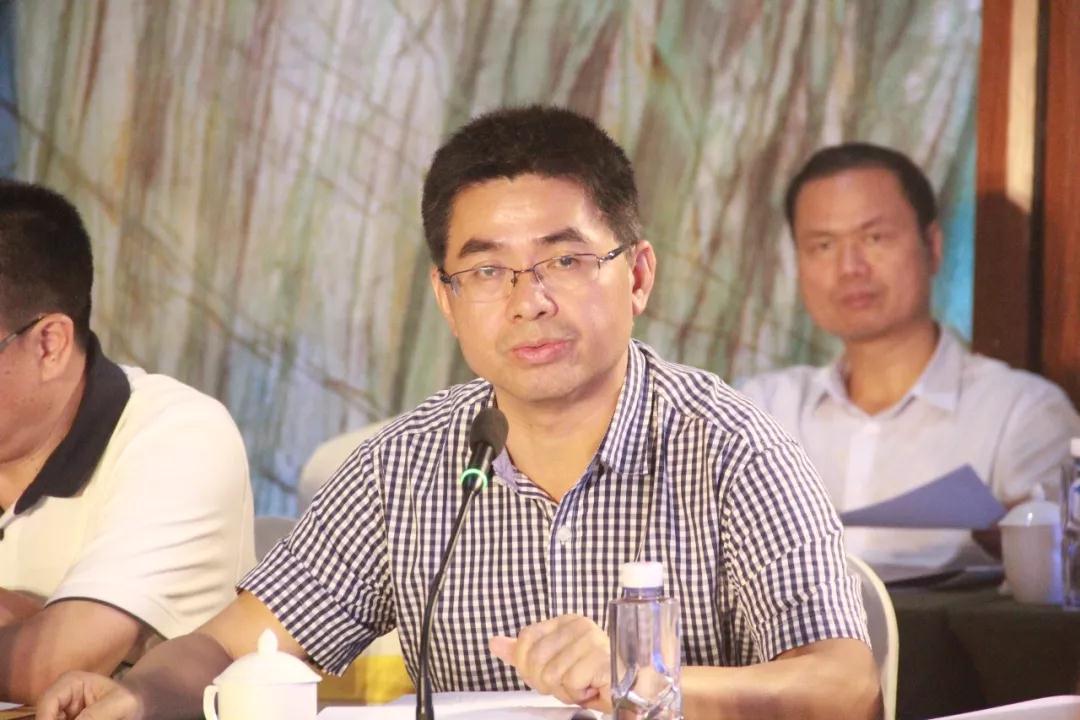 泉州市工商聯(lián)(總商會)召開十四屆六次主席(會長)擴大會議 泉州市工商聯(lián)(總商會)召開十四屆六次主席(會長)擴大會議在海西石材城召開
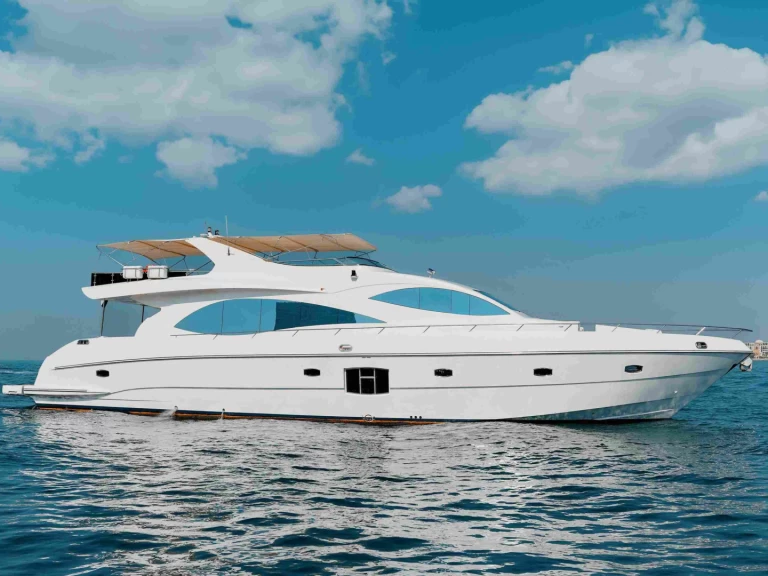 Majesty Yachts 92 de alquiler a Dubai Marina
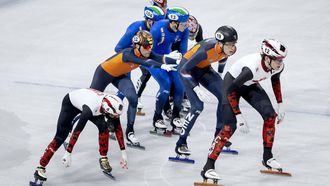 MILAAN - Friso Emons en Teun Boer tijdens de finale 5000 meter relay bij het shorttrack schaatsen in de Milano Ice Skating Arena op de Olympische Winterspelen van Milaan. IRIS VAN DEN BROEK / ANP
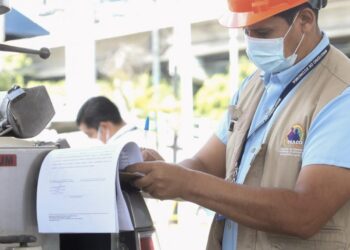 Personal de la Diaco realiza verificaciones en estaciones de combustible..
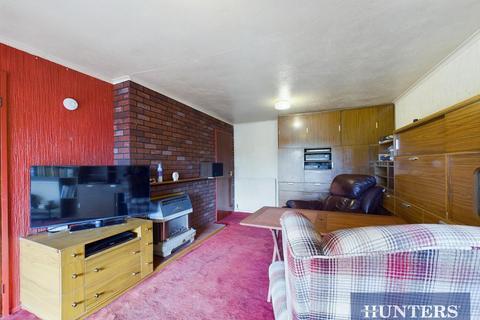 2 bedroom semi-detached bungalow for sale - Danescroft, Bridlington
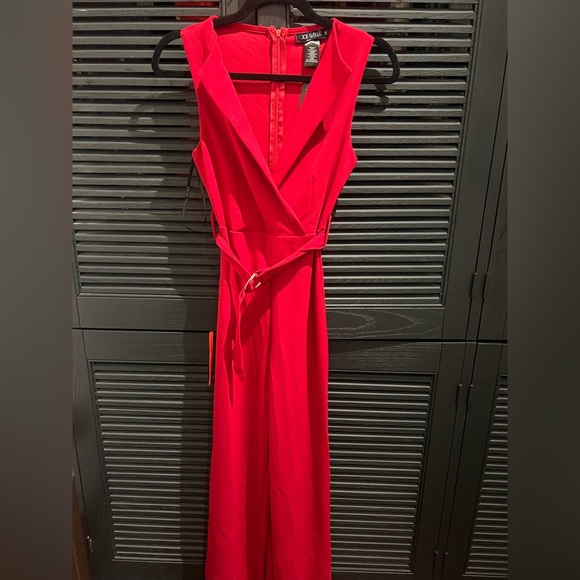Elegant Office Work Sleeveless Belted Red Jumpsuit Romper NWT - Picture 6 of 9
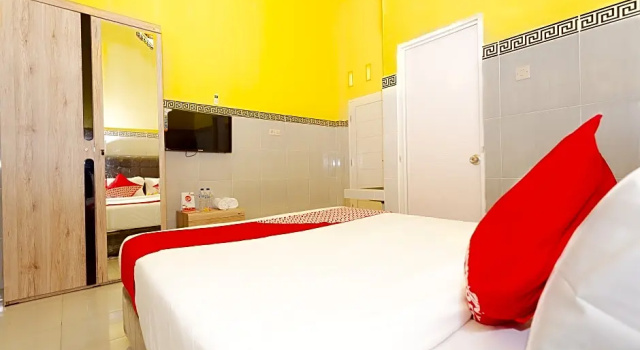 Номер Standard OYO 1427 Azzahra Guest House Syariah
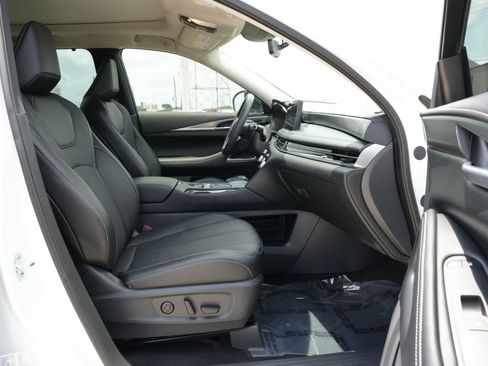 Certified 2026 INFINITI QX60 Luxe w/ Cargo Package FWD image 23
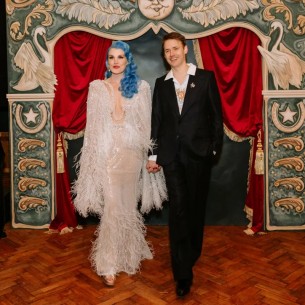 Poznata modna dizajnerica se vjenčala uz prsten sa horoskopskim znakovima bika i jarca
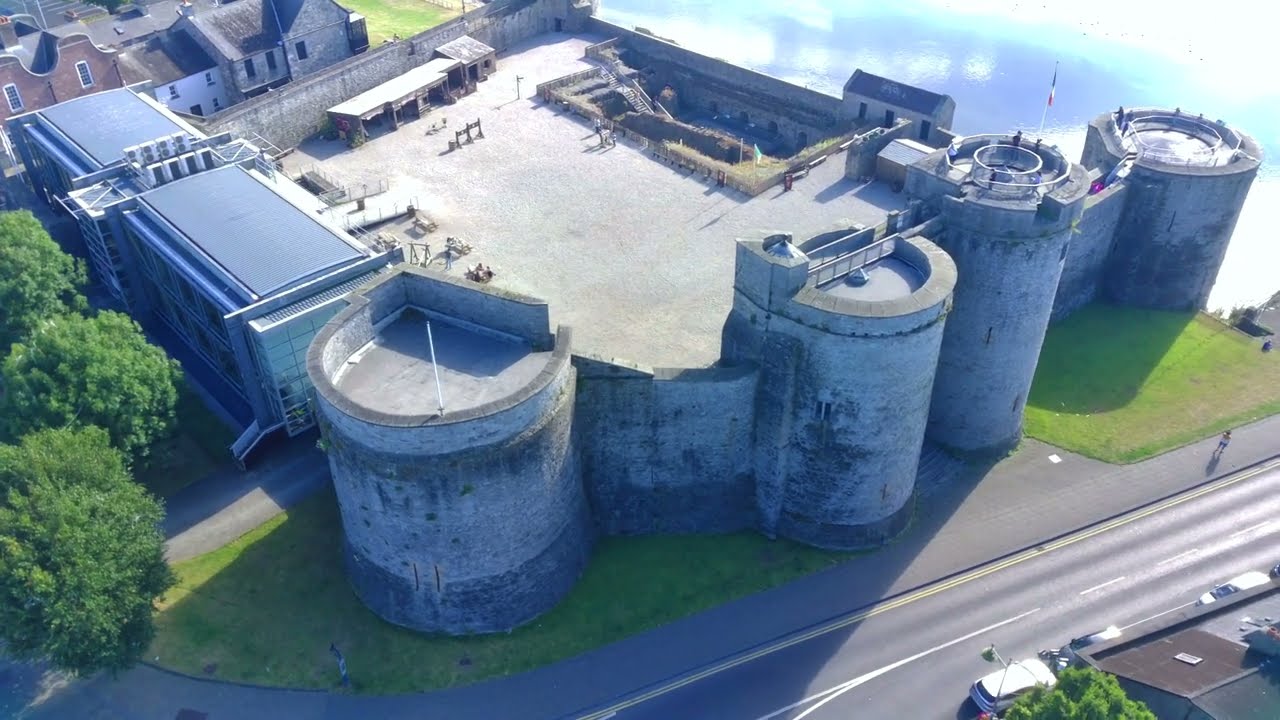 81) King John's Castle - Limerick County - Ireland (video 4K)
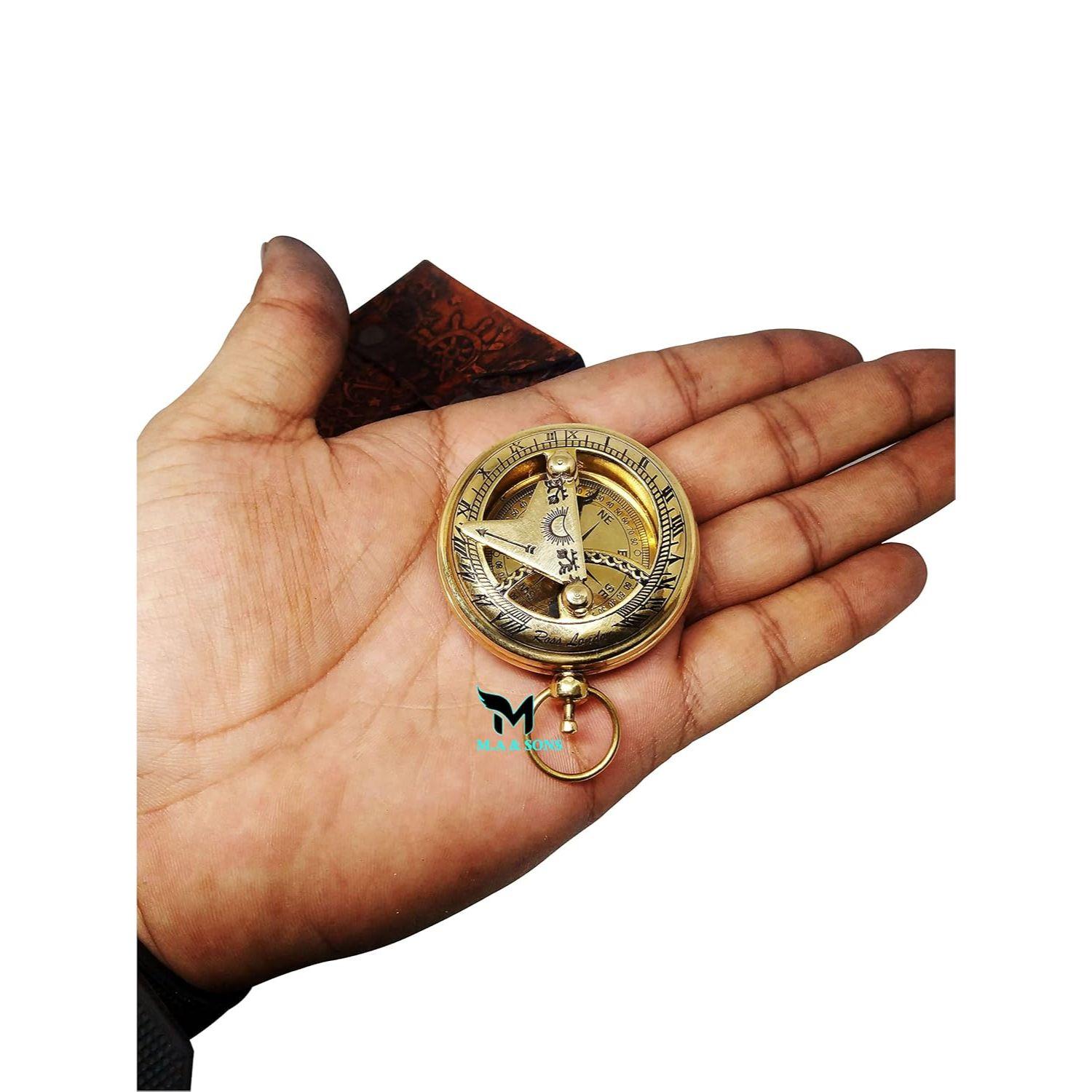 

Солнечные часы и компас в кожаном футляре - Дорожные аксессуары - Антикварный винтажный | Компас (золотой)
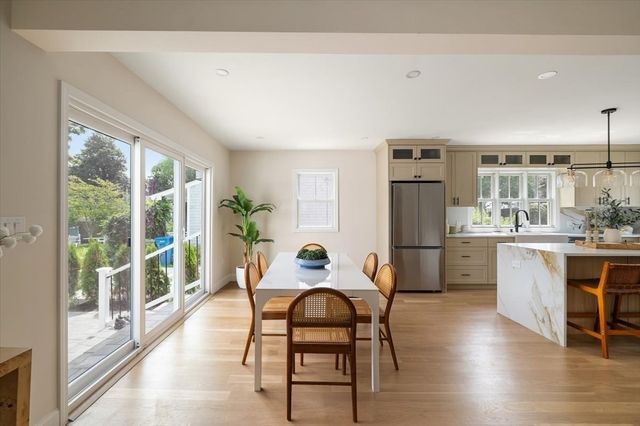 30 Shore St, Falmouth, MA 02540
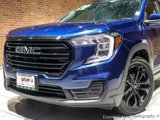 Used 2022 GMC Terrain SLE w/ Driver Convenience Package image 3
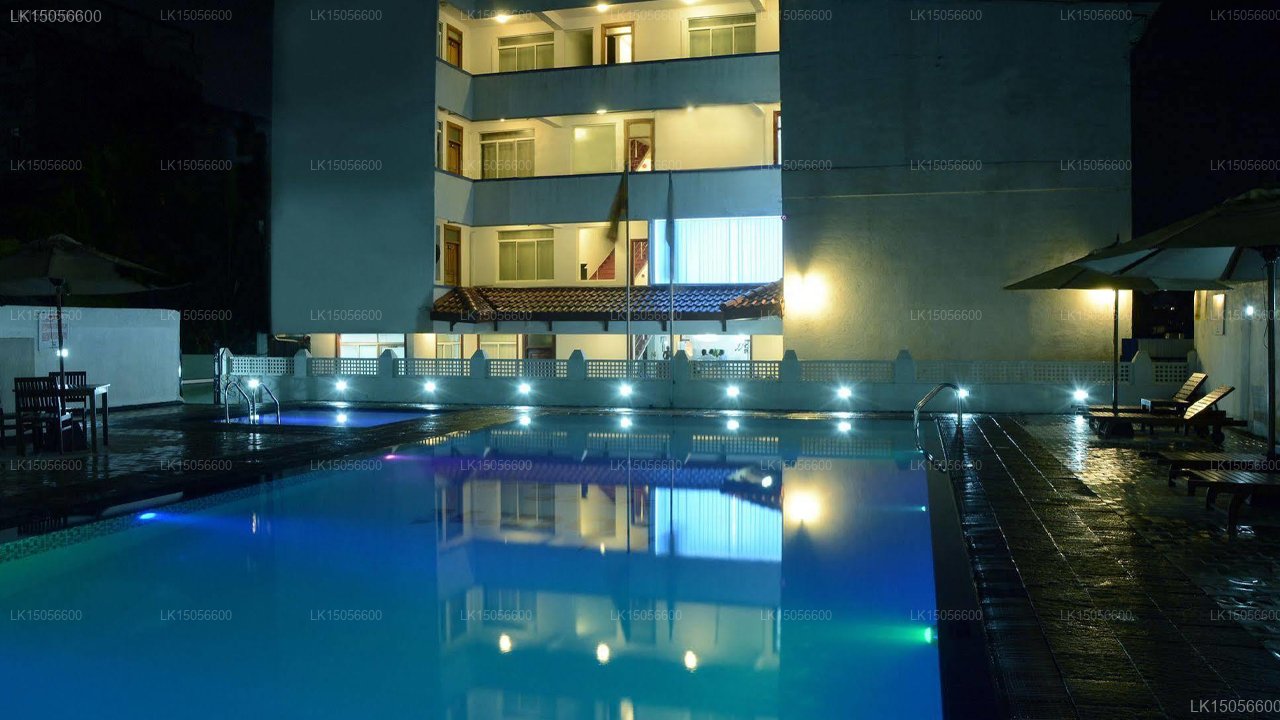 Mount Breeze Hotel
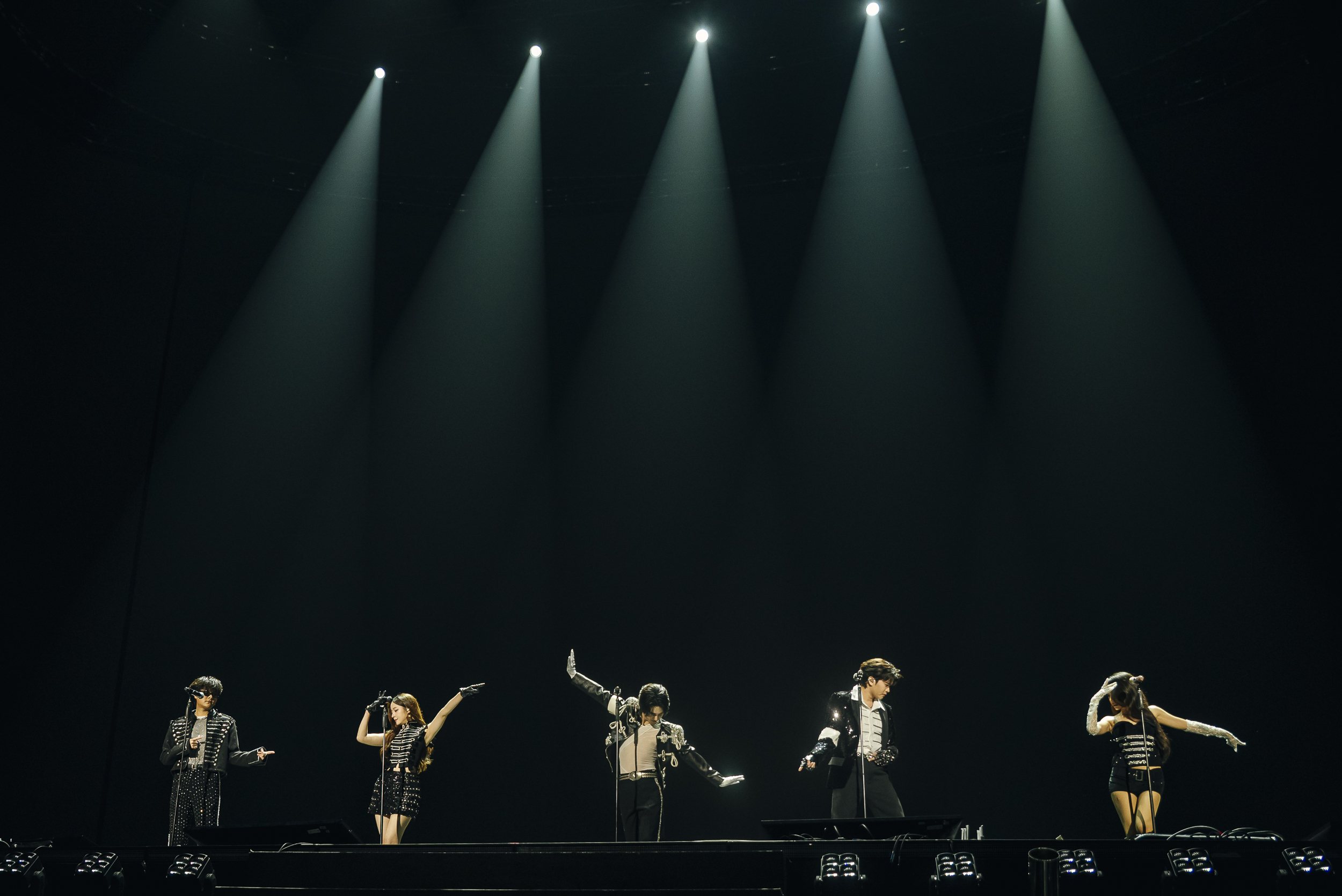 CLUB 30 CONCERT 37 ประมวลบรรยากาศ CLUB 30 CONCERT คอนเสิร์ตแห่งประวัติศาสตร์ ที่สุดแห่งปี 2026 กับ 5 ศิลปินเพื่อนรักวัยสามสิบ
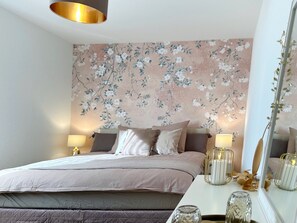 1 bedroom, bed sheets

• [Exercise directions]: From the data above, return exactly the lines from the one with "Personal de la" up to and including the one with "30 Shore St, Falmouth, MA 02540". Pictures do not go in the copy.

• [Solution to this exercise]:
 Personal de la Diaco realiza verificaciones en estaciones de combustible..
 2 bedroom semi-detached bungalow for sale - Danescroft, Bridlington
Elegant Office Work Sleeveless Belted Red Jumpsuit Romper NWT - Picture 6 of 9
 Номер Standard OYO 1427 Azzahra Guest House Syariah
 Certified 2026 INFINITI QX60 Luxe w/ Cargo Package FWD image 23
 Poznata modna dizajnerica se vjenčala uz prsten sa horoskopskim znakovima bika i jarca
 81) King John's Castle - Limerick County - Ireland (video 4K)

Солнечные часы и компас в кожаном футляре - Дорожные аксессуары - Антикварный винтажный | Компас (золотой)
 30 Shore St, Falmouth, MA 02540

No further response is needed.